Work request: I need the lines from the one holding "Brighton Brown Croc" to the last line of the data below repeated exactly, both included, without pictures.

(Image-caption web data)
* * * *
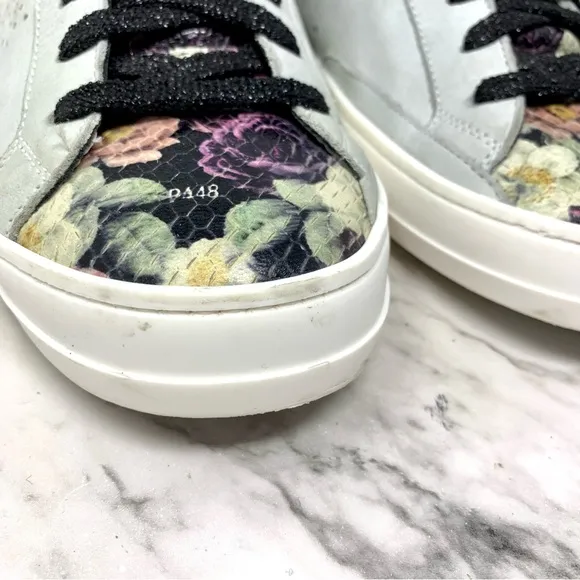 P448 John Black Floral Leather Low Top Sneakers 40/9-10 Casual Preppy Athleisure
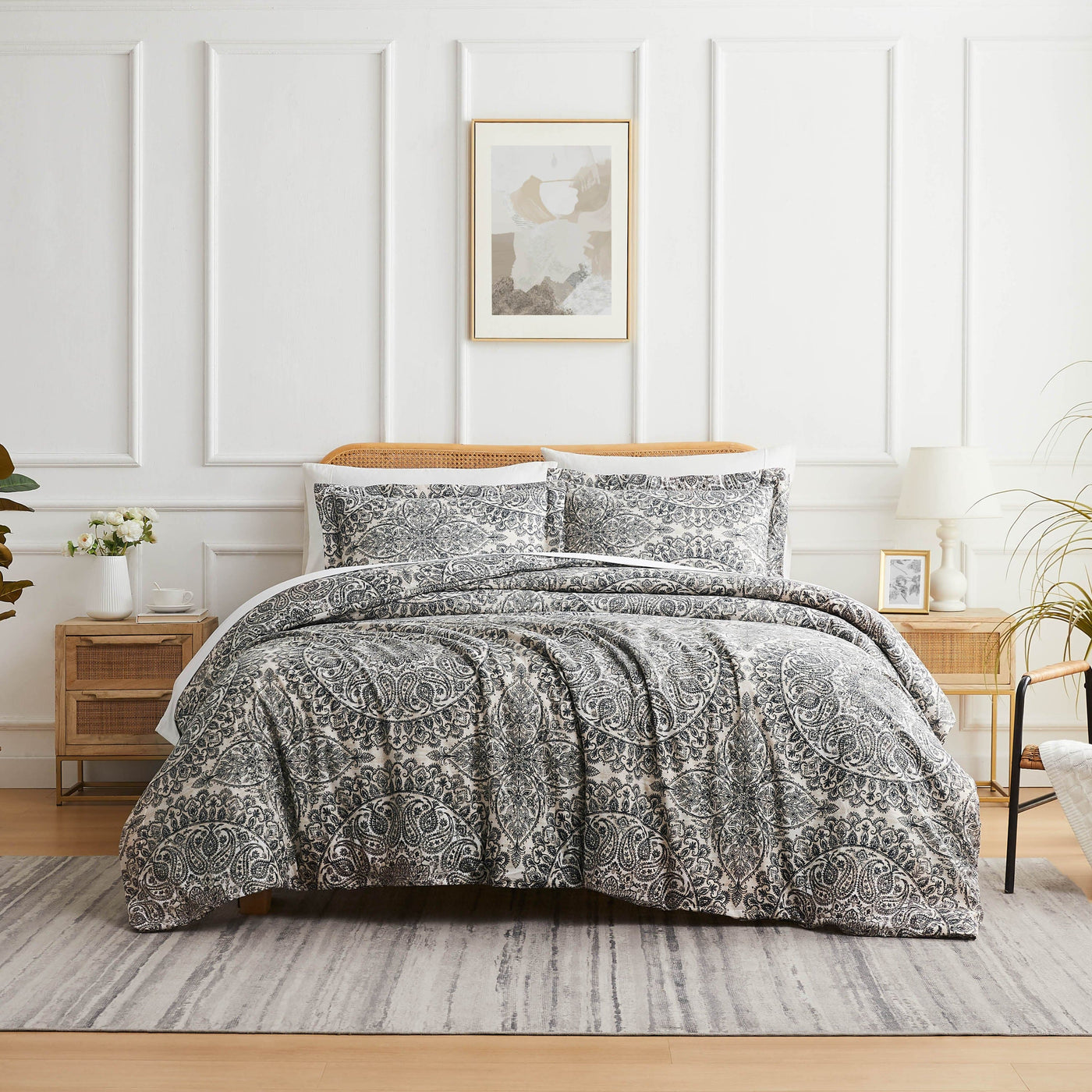 Front View of Ashanti Oversized Duvet Cover Set in Grey#color_ashanti-grey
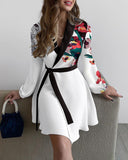 Woochic robe blazer col en V imprimée manches lanternes ourlet ceinture blanc S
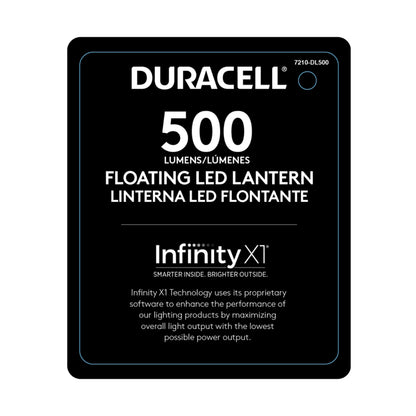 LANTERNA DE CAMPING LED DURACELL 500 LUMENS 12-40HRS.
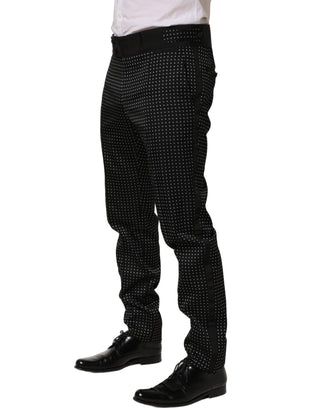 Pantalones de vestir de algodón negro con lunares  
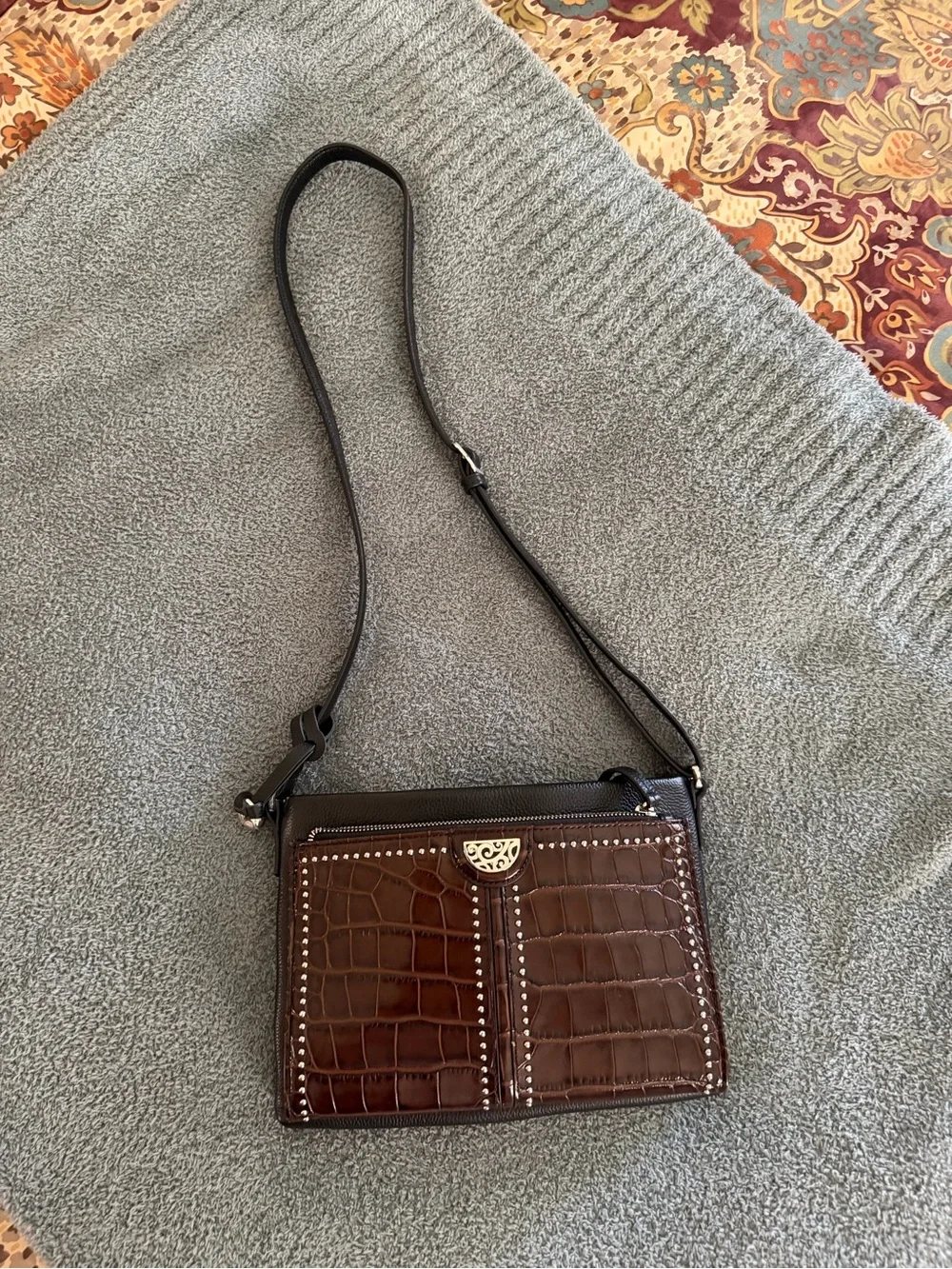 Brighton Brown Croc Embossed Crossbody Bag Studded Leather Unused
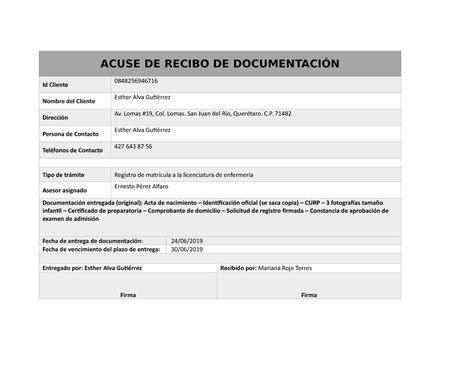 Ejemplo Acuse De Recibo De Documentos Ejemplo Sencill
* * * *
Answer area:
 Brighton Brown Croc Embossed Crossbody Bag Studded Leather Unused
 Ejemplo Acuse De Recibo De Documentos Ejemplo Sencill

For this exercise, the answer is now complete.